Last July we learned that we would be parents once again—our son is due in early March. Many weeks were filled with uncertainty—but surprisingly, not fear—as we awaited the results of amniocentesis tests that would reveal whether our child in utero would display Gaucher disease. Last October we learned the results: negative. Like our older son, this child will not manifest symptoms.

As we approach the one-year anniversary of Josephine’s death (or, her “Angel Day” as we like to call it), we are confronted with an overlap of conflicting emotions. We are joyful and thankful for the expected arrival of our next son, but his arrival cannot “replace” Josephine, nor will we “move on” or “let go.” She’s still a part of our family. We talk about her, and to her, on a regular basis. We visit her grave as well as her still-intact bedroom to feel close to her. Photos of her are prominently displayed in our home. And when videos of Josephine play on a digital picture frame, our son runs towards it just to catch a glimpse of her giggling again.

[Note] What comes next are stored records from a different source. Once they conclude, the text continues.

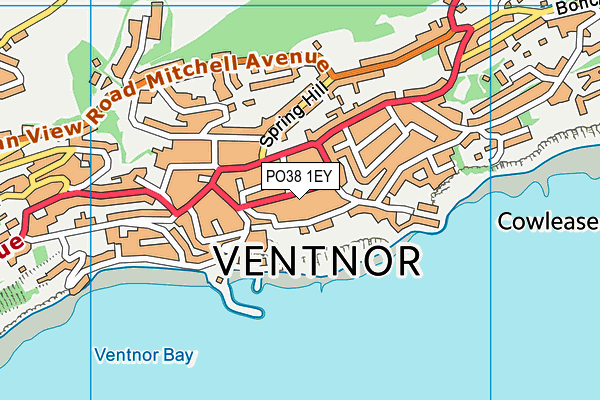 PO38 1EY map - OS VectorMap District (Ordnance Survey) PO38 1EY map - OS VectorMap District (Ordnance Survey)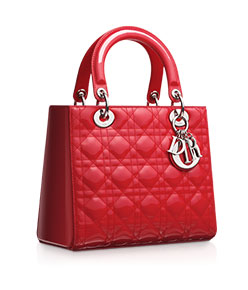 Ladies Purse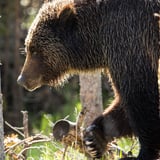 Grizzly Bear Adventure in Montana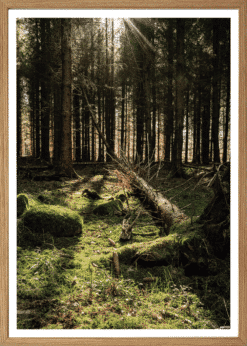 Fruerskov Plakat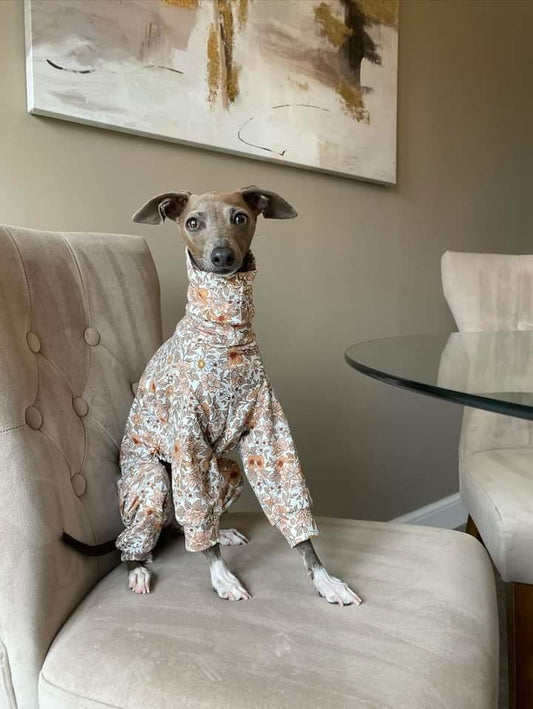 Lana Jersey Italian Greyhound Onesie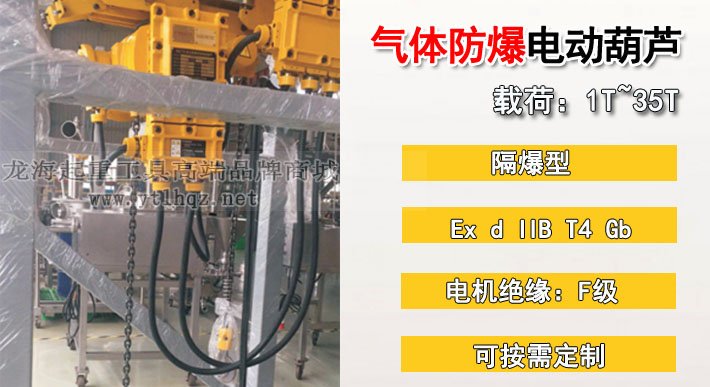 氣體防爆環(huán)鏈電動(dòng)葫蘆 氣體防爆環(huán)鏈電動(dòng)葫蘆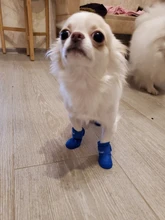 4pcs Pet Dog Shoes Waterproof Rain Pet Shoes for Dog Puppy Rubber Boots Candy Color Puppy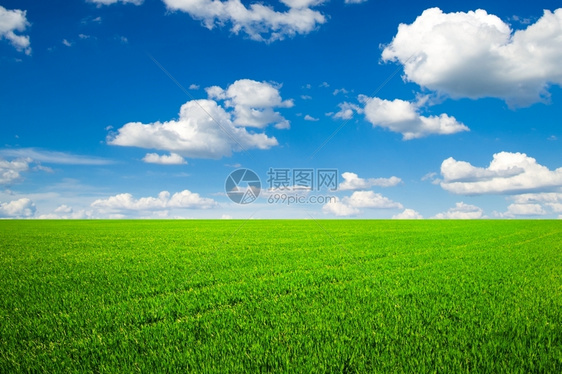 春草和美丽的天空图片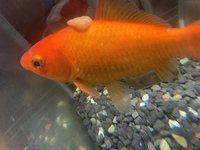 金魚についてこの出来物は病気ですか 前は小さかったのにどんどん大きくな Yahoo 知恵袋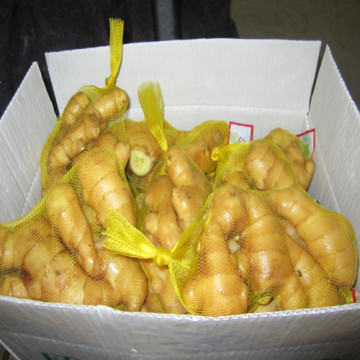 Fresh Ginger for Europe Market and China Ginger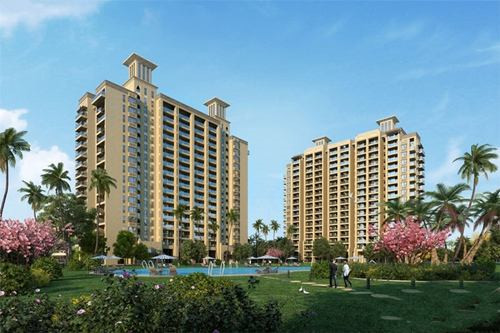 骨瓷杯碟加盟品牌什么好挣钱（骨瓷杯价格大概多少）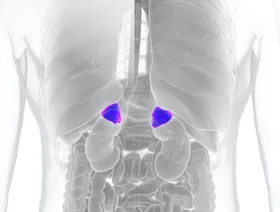 "أكثر مما تراه العين".. تعقيد غير متوقع في أورام الغدة الكظرية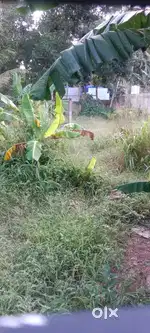 House  Plot  For  Sale  Manvila  Trivandrum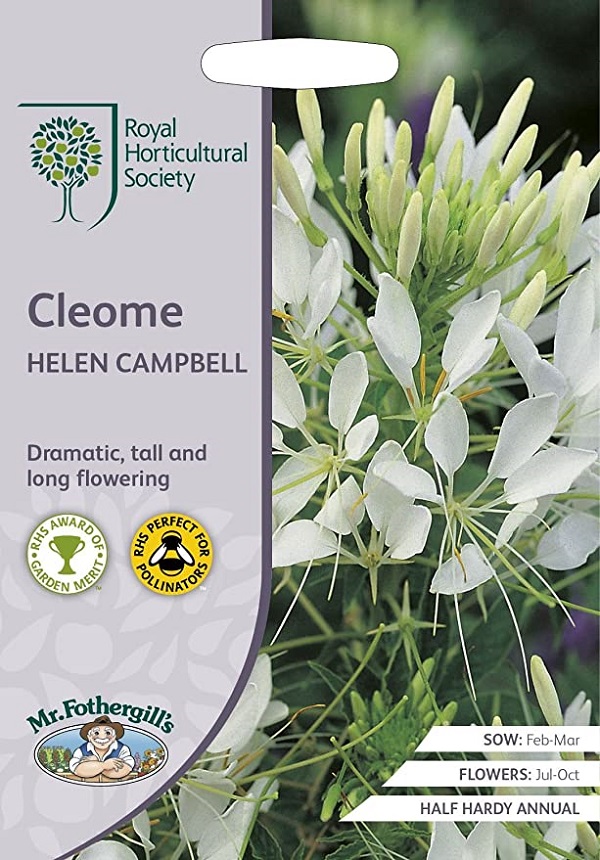 cleome helen campbell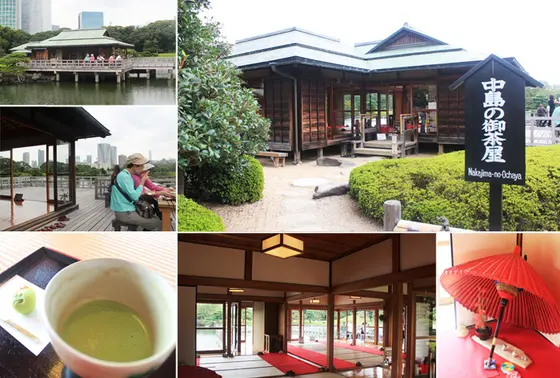 都心とは思えない風情があります。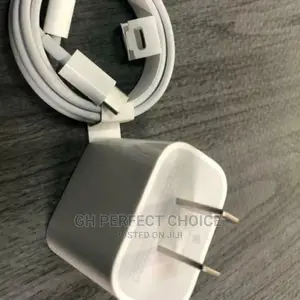 2 Pin Plug Original Type C iPhone Fast Charger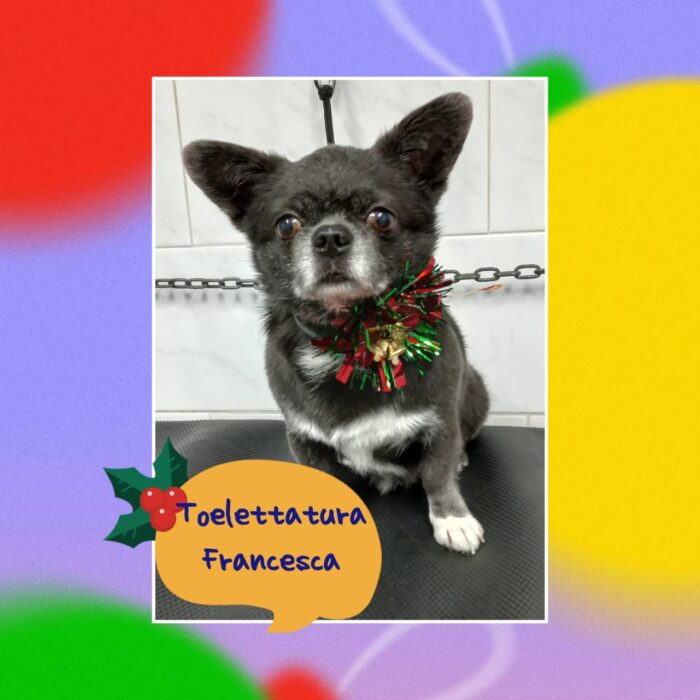 4_a561708ea4ca7448a6416c9c66401858_1769975064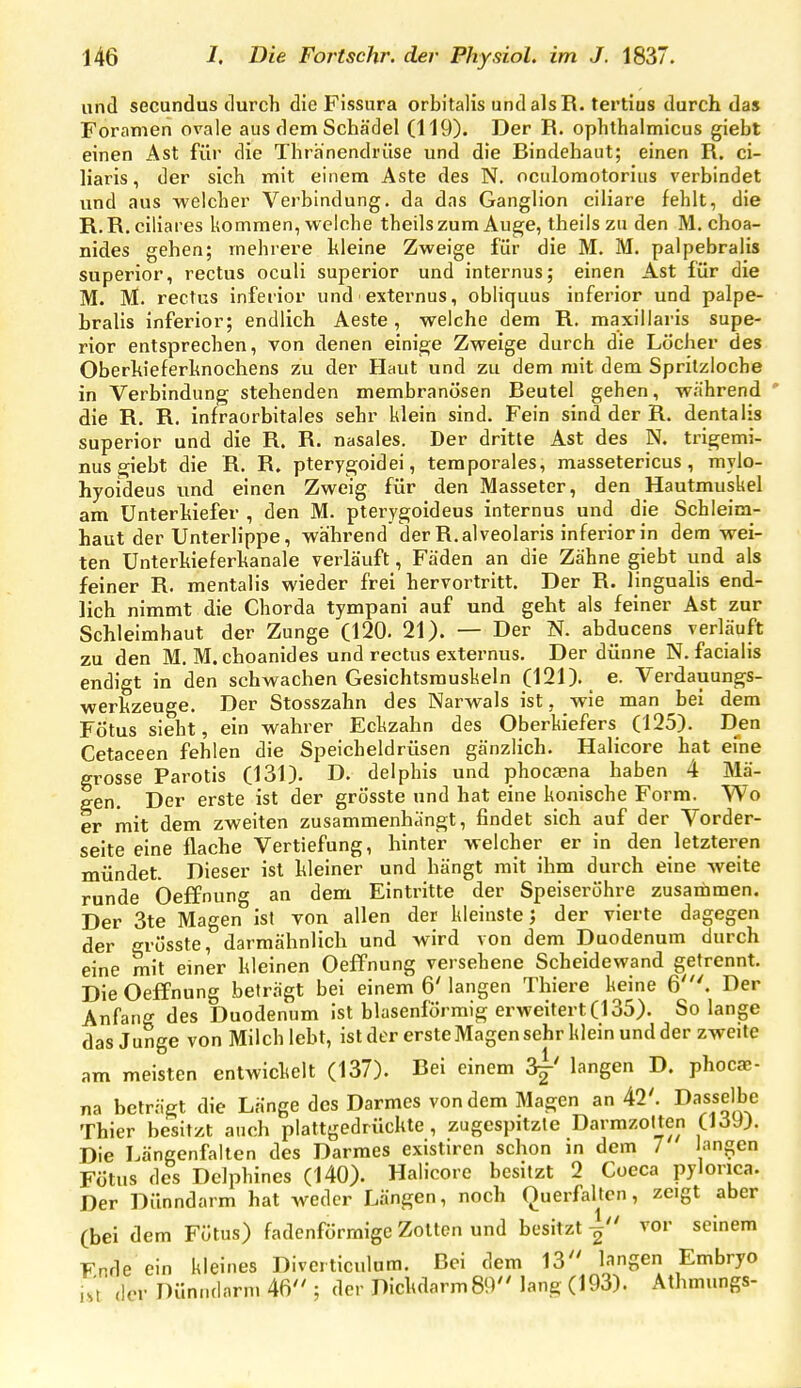 und secundus durch die Fissura orbitalis undalsR. tertius durch da» Foramen ovale aus dem Schädel (119). Der R. ophthalmicus giebt einen Ast für die Thränendrüse und die Bindehaut; einen R. ci- liaris, der sich mit einem Aste des N. oculomotorius verbindet und aus welcher Verbindung, da das Ganglion ciliare fehlt, die R. R. ciliares kommen, welche theils zum Auge, theils zu den M. choa- nides gehen; mehrere kleine Zweige für die M. M. palpebralis superior, rectus oculi superior und internus; einen Ast für die M. M. rectus inferior und > externus, obliquus inferior und palpe- bralis inferior; endlich Aeste, welche dem R. maxillaris supe- rior entsprechen, von denen einige Zweige durch die Löcher des Oberkieferknochens zu der Haut und zu dem mit dem Spritzloche in Verbindung stehenden membranösen Beutel gehen, während die R. R. infraorbitales sehr klein sind. Fein sind der R. dentaiis superior und die R. R. nasales. Der dritte Ast des N. trigemi- mis giebt die R. R. pterygoidei, temporales, massetericus , mylo- hyoideus und einen Zweig für den Masseter, den Hautmuskel am Unterkiefer , den M. pterygoideus internus und die Schleim- haut der Unterlippe, während 3er R.alveolaris inferior in dem wei- ten Unterkieferkanale verläuft, Fäden an die Zähne giebt und als feiner R. mentalis wieder frei hervortritt. Der R. lingualis end- lich nimmt die Chorda tympani auf und geht als feiner Ast zur Schleimhaut der Zunge (120. 21). — Der N. abducens verläuft zu den M. M. choanides und rectus externus. Der dünne N. facialis endigt in den schwachen Gesichtsmuskeln (121). e. Verdauungs- werkzeuge. Der Stosszahn des Narwals ist, wie man bei dem Fötus sieht, ein wahrer Eckzahn des Oberkiefers (125). D_^en Cetaceen fehlen die Speicheldrüsen gänzlich. Halicore hat eine grosse Parotis (131). D. delphis und phocaena haben 4 Mä- gen. Der erste ist der grösste und hat eine konische Form. Wo er mit dem zweiten zusammenhängt, findet sich auf der Vorder- seite eine flache Vertiefung, hinter welcher er in den letzteren mündet. Dieser ist kleiner und hängt mit ihm durch eine weite runde Oeffnung an dem Eintritte der Speiseröhre zusammen. Der 3te Magen ist von allen der kleinste; der vierte dagegen der grösste, darmähnlich und wird von dem Duodenum durch eine mit einer kleinen Oeffnung versehene Scheidewand getrennt. Die Oeffnung beträgt bei einem 6'langen Thiere keine 6'. Der Anfang des Duodenum Ist blasenförmig erweitert (135). So lange das Junge von Milch lebt, ist der erste Magen sehr klein und der zweite am meisten entwickelt (137). Bei einem 3^' langen D. phoca;- na beträgt die Länge des Darmes von dem Magen an 42'. Dasselbe Thier besitzt auch plattgedrückte, zugespitzte Darmzolten (löJJ. Die Längenfalten des Darraes existiren schon in dem 7 langen Fötus des Delphines (140). Halicore besitzt 2 Coeca pylorica. Der Dünndarm hat weder Längen, noch (luerfaltcn, zeigt aber (bei dem Fötus) fadenförmige Zotion und besitzt vor seinem Ende ein kleines Divcrticulum. Bei dem 13 langen Embryo der Dünndarm 46 ; der Dickdarm 89 lang (193). Athmungs-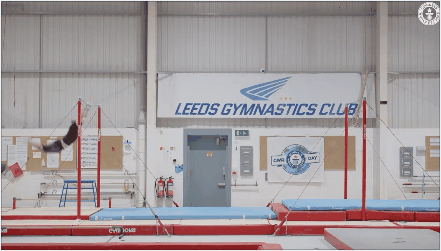 你知道哪些运动领域的世界记录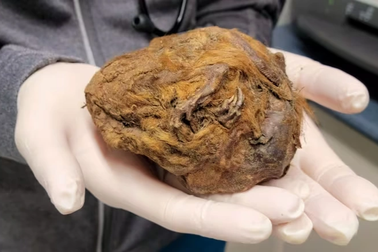 Tiết lộ bí mật bất ngờ trong món vật "đầy lông lá" do thợ đào vàng tìm thấy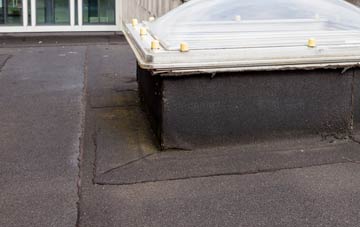 disadvantages of Hansel Village flat roofs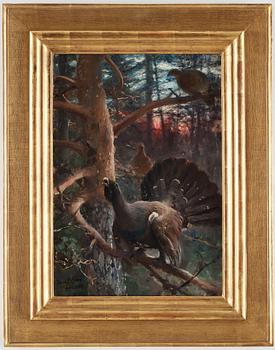 Bruno Liljefors, "Tjäderlek" (Capercaillies singing).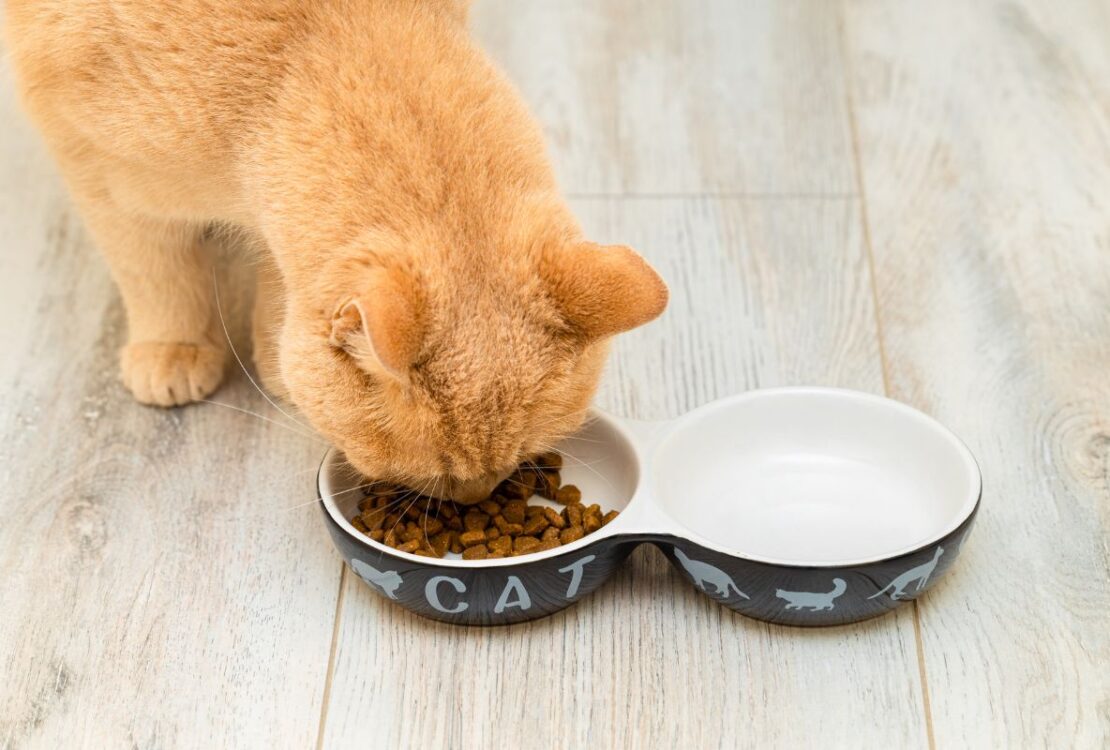 Comparatif des régimes alimentaires pour chats
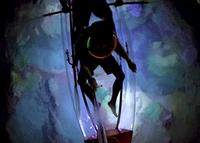 2-Day Moreton Island Tour de Brisbane ou Gold Coast avec option Nighttime Kayak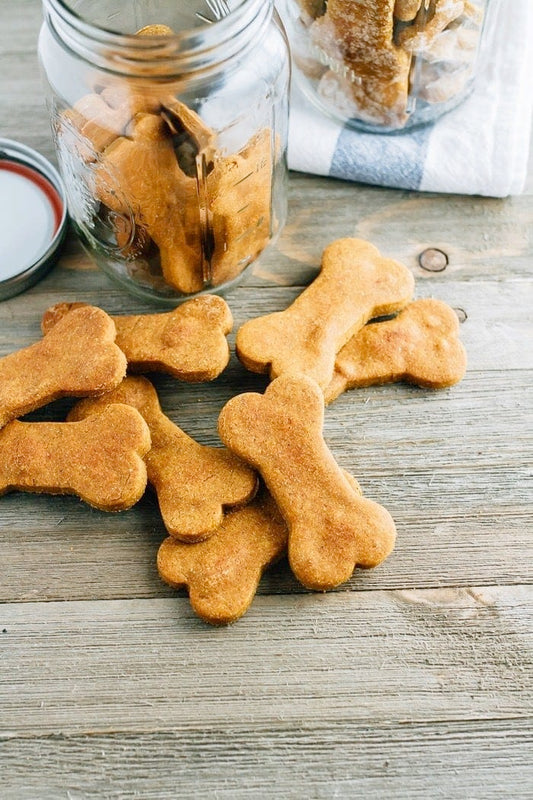 4 Fall Themed Treat Recipe’s For Fido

At the same time, my wife must make snap decisions as to how much to tell strangers when they innocently ask about our baby-to-be, “Is this your second child?”, or comment, “Wouldn’t it be sweet to have a little girl?” While these remarks pierce our hearts, our hard-earned Ph.D. in life and death has made us largely unfazed by what others may consider important issues or major life stresses. We’ve lived through the worst hand life can deal, and we feel we can tackle anything new that comes our way. A year ago we felt utterly helpless; we feel invincible now. And that feeling of weathered strength allows us to leverage our suffering for a greater cause.

To quote Greg Macres, founder of the Children’s Gaucher Disease Research Fund and father to the late Gregory Macres, lost 13 years ago to the disease:

“We can accept our pain and do nothing, or we can channel it to make the world a better place.”